10. Uit het arrest Sufi en Elmi van het EHRM volgt dat wanneer erbarmelijke humanitaire omstandigheden voornamelijk te wijten zijn aan directe en indirecte acties van de partijen bij een conflict, moet worden beoordeeld of een vreemdeling bij terugkeer in staat zal zijn ‘
to cater for his most basic needs, such as food, hygiene and shelter, his vulnerability to ill-treatment and the prospect of his situation improving within a reasonable time-frame’. In de landeninformatie die door eiser is aangehaaldzijn aanknopingspunten te vinden voor de conclusie dat de huidige slechte humanitaire situatie in Jemen grotendeels is veroorzaakt door het jarenlange conflict, dat de situatie verslechtert, en dat een en ander mede een direct gevolg is van het handelen van de strijdende partijen. Verweerder heeft in het bestreden besluit ten onrechte niet beoordeeld of is voldaan aan het criterium uit Sufi en Elmi om te voorkomen dat eiser bij terugkeer zal worden blootgesteld aan omstandigheden die in strijd zijn met artikel 3 van het EVRM en artikel 15 van de Kwalificatierichtlijn. De rechtbank verwijst ook naar haar uitspraak van 15 januari 2025.

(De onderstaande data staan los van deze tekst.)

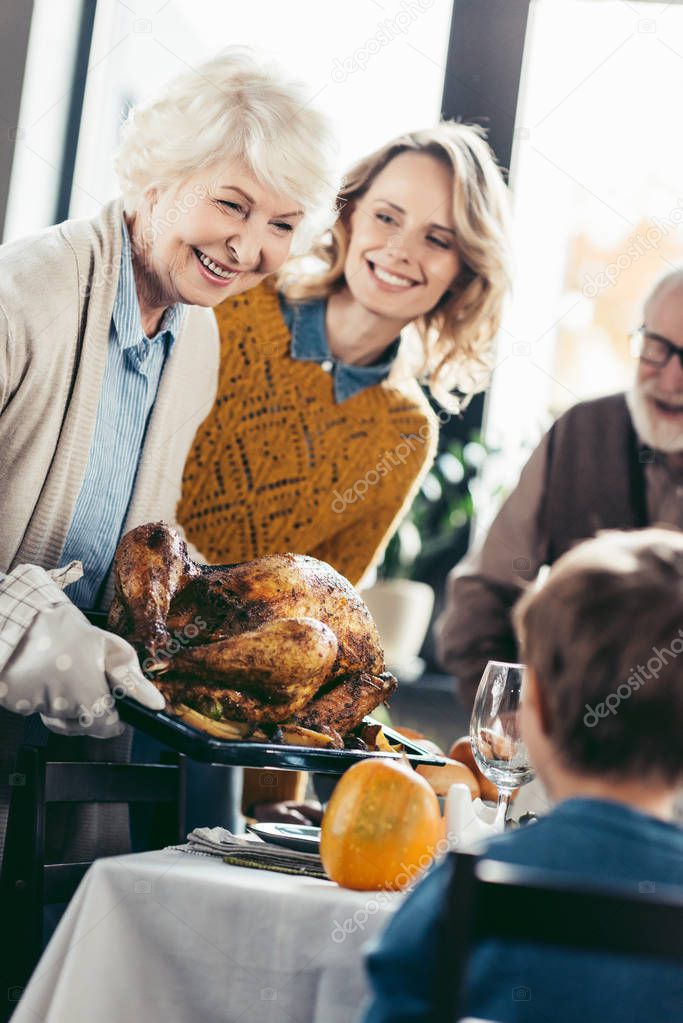 senior mother and daughter with thanksgiving turkey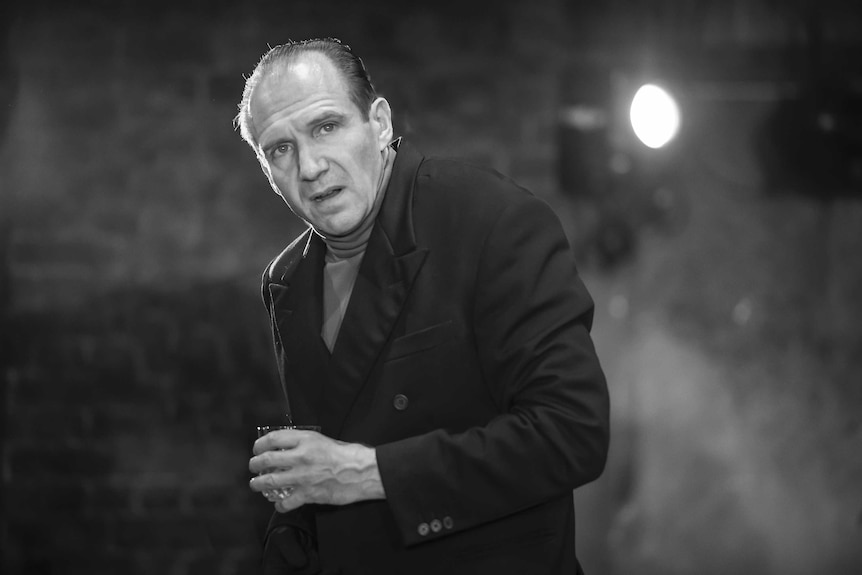 Black and white image of Ralph Fiennes performing as Richard III with a distinctly hunched back.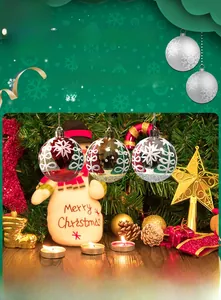 Detailed view of red, gold, and silver Christmas balls with snowflake and tree patterns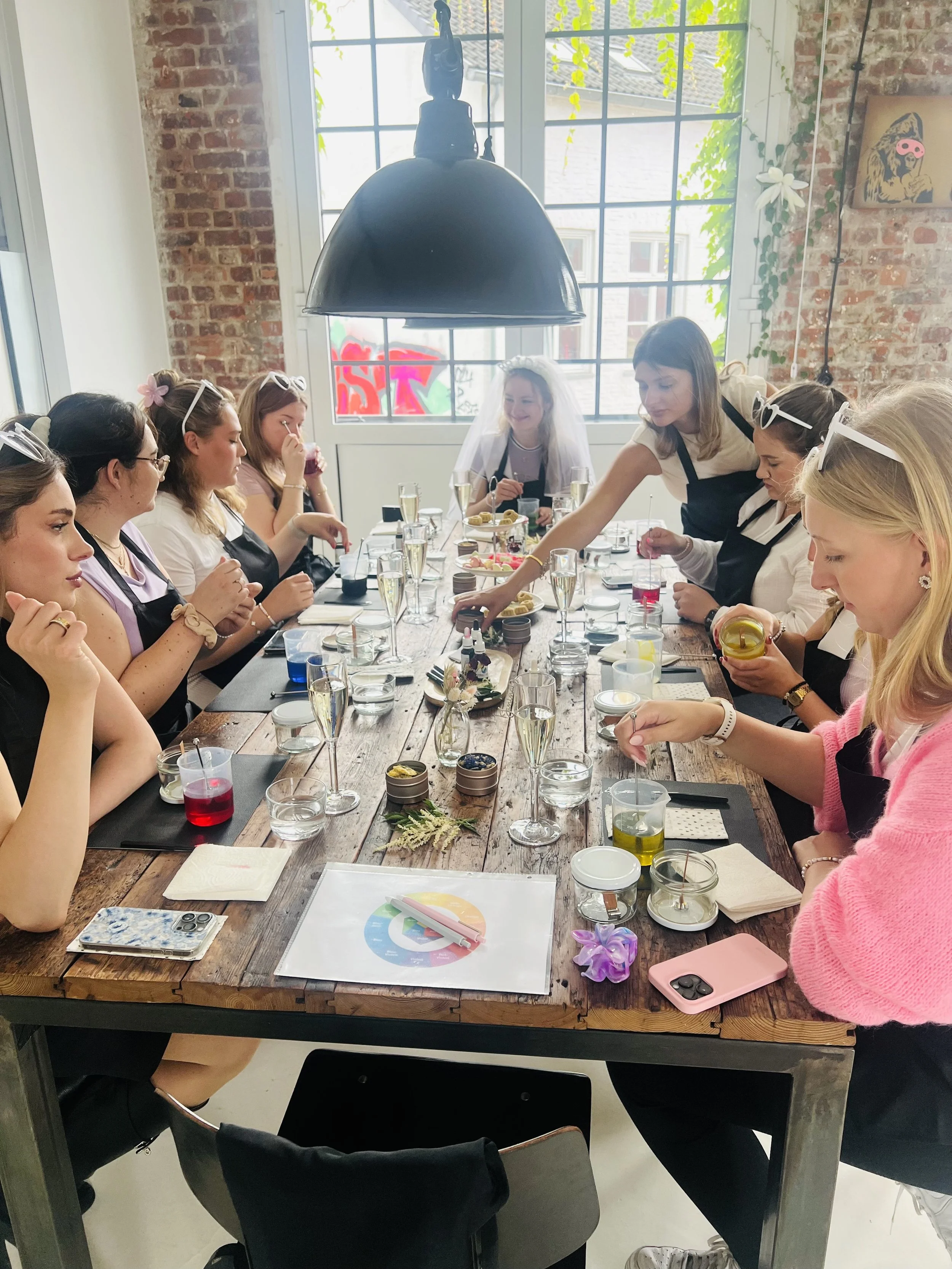Eine Gruppe von Frauen sitzt um einen Holztisch in einem Raum mit Backsteinwänden und großen Fenstern, bei einem JGA Kerzen-Workshop. Auf dem Tisch sind Getränke, kleine Tiegel mit Deko, Kerzen und Küchlein.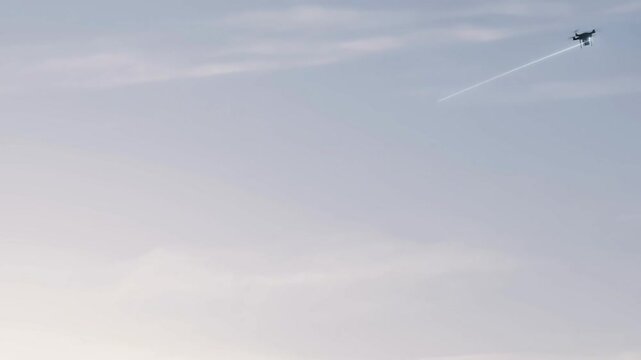 A plane flies through the sky leaving a trail of condensed water vapor.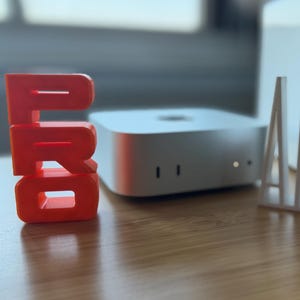 May include: A bright orange "PRO" block is positioned on a wooden surface, alongside a white "AIR" block and a white electronic device. The image conveys a tech or design theme, highlighting typography and product presentation.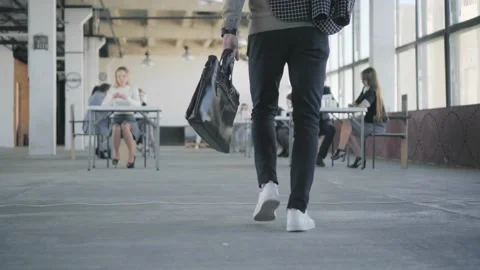 The employee enters the office. Throws a jacket at colleagues, takes popcorn Stock Footage 134154935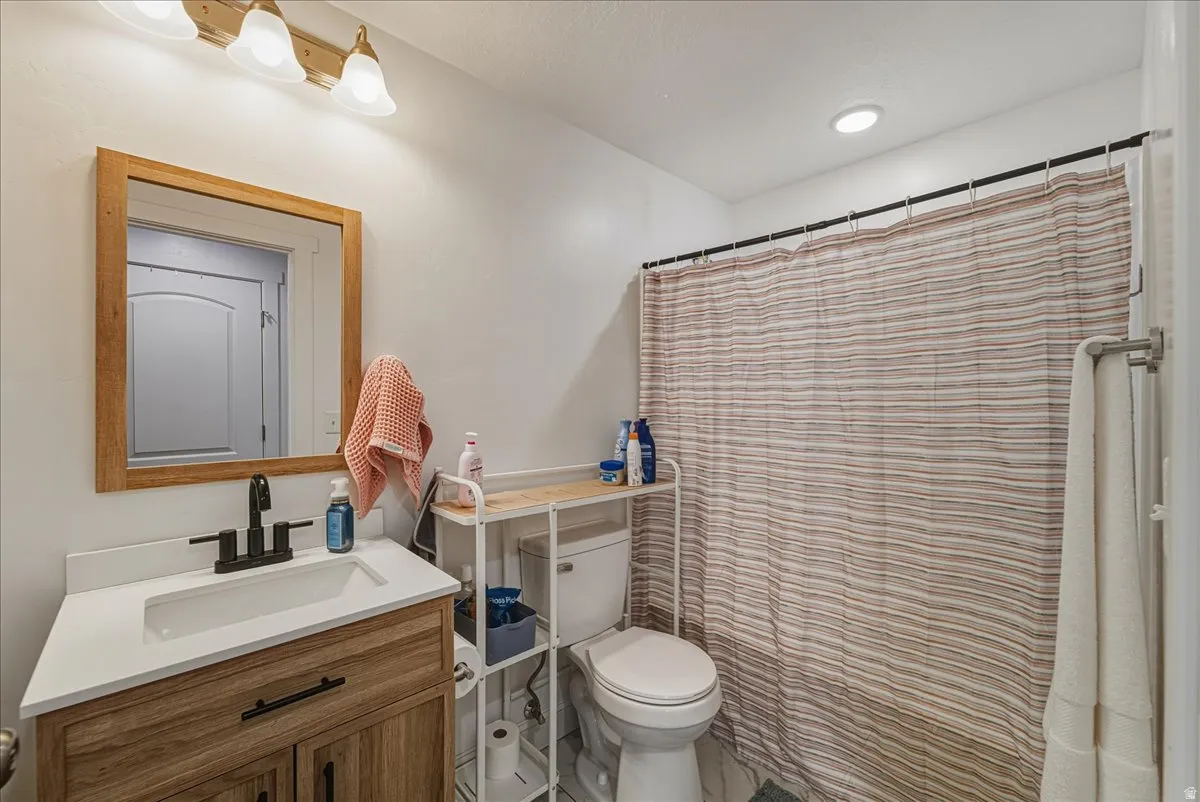 Bathroom featuring a wood-frame vanity with integrated sink, matte black faucet, and a wall-mounted mirror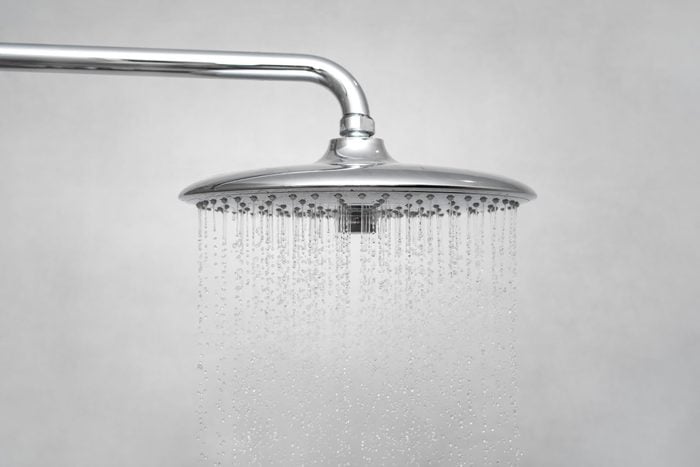 Water running from shower head and faucet in modern bathroom. Rain Shower turned, ceiling shower head closeup in the shower stall. 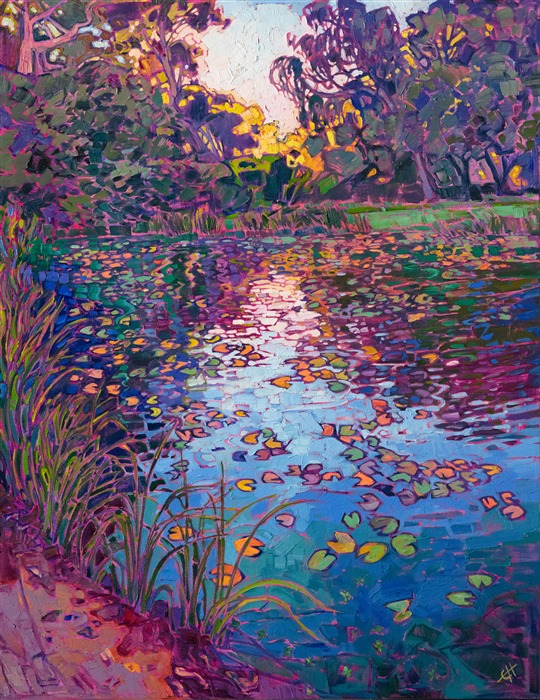 The still waters of a lilies pond reflect the colors of late afternoon light. This painting was inspired by the gardens in the Norton Simon Museum in Pasadena. The impressionist brush strokes capture the fleeting light of the scene.</p><p>"Lilies Reflection" was created on 1-1/2" canvas, with the painting continued around the edges. The painting arrives framed in a contemporary gold floating frame, ready to hang.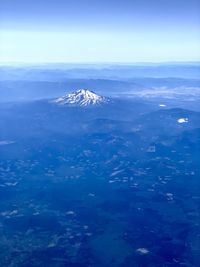 Aerial view of snowcapped mountains against blue sky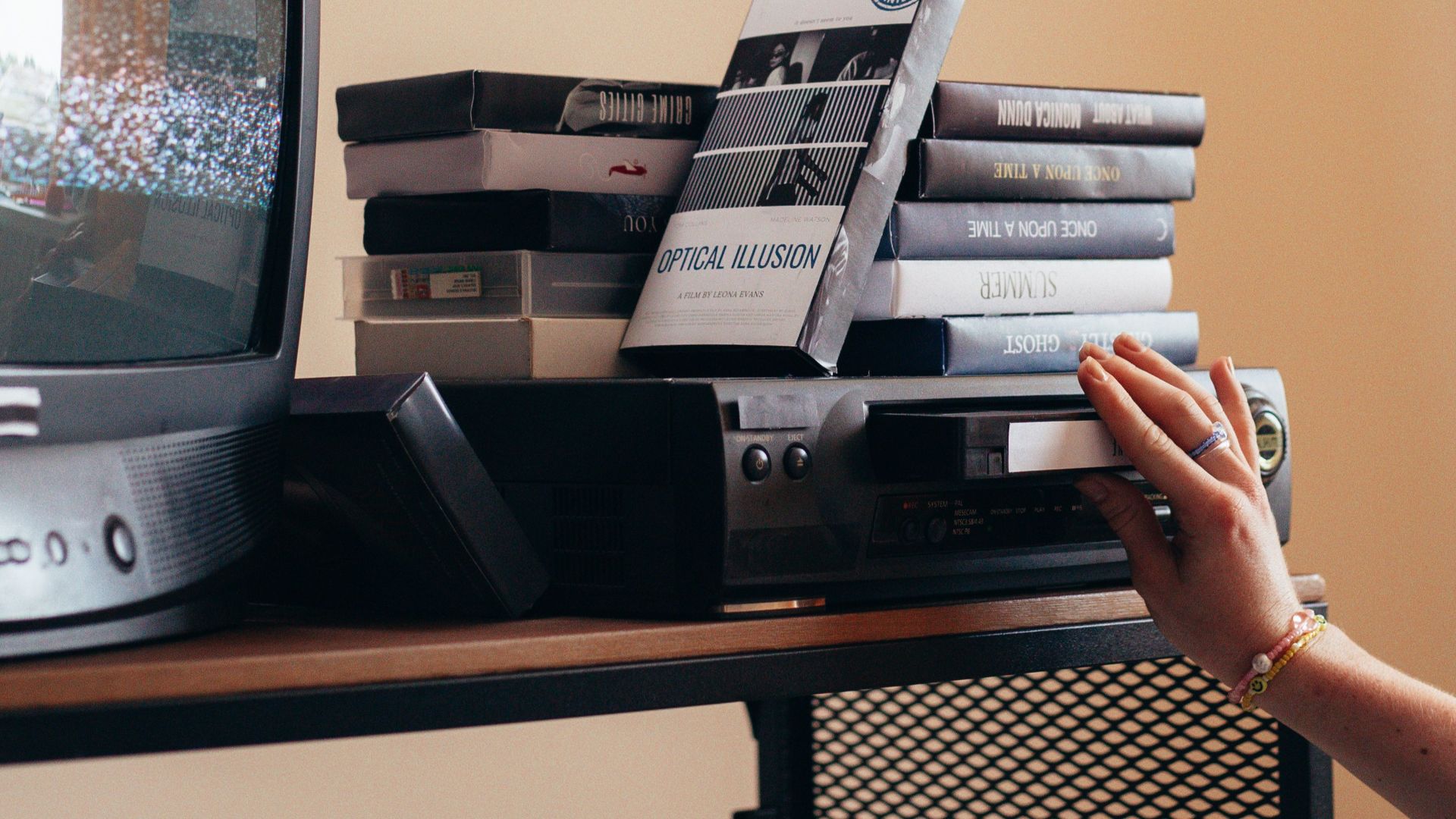 Vintage scene with a VHS player, tapes, and an old CRT TV creating a nostalgic vibe.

11. Het bestreden besluit is daarom niet zorgvuldig genoeg tot stand gekomen en onvoldoende gemotiveerd (artikelen 3:2 en 3:46 van de Awb). Gelet op het door verweerder uit te voeren aanvullend onderzoek ziet de rechtbank aanleiding om te volstaan met de vernietiging van het bestreden besluit en de opdracht aan verweerder om opnieuw op de aanvraag te beslissen.
12. Gelet hierop ziet de rechtbank geen aanleiding om de behandeling van het beroep aan te houden voor het laten uitvoeren van een contra-expertise.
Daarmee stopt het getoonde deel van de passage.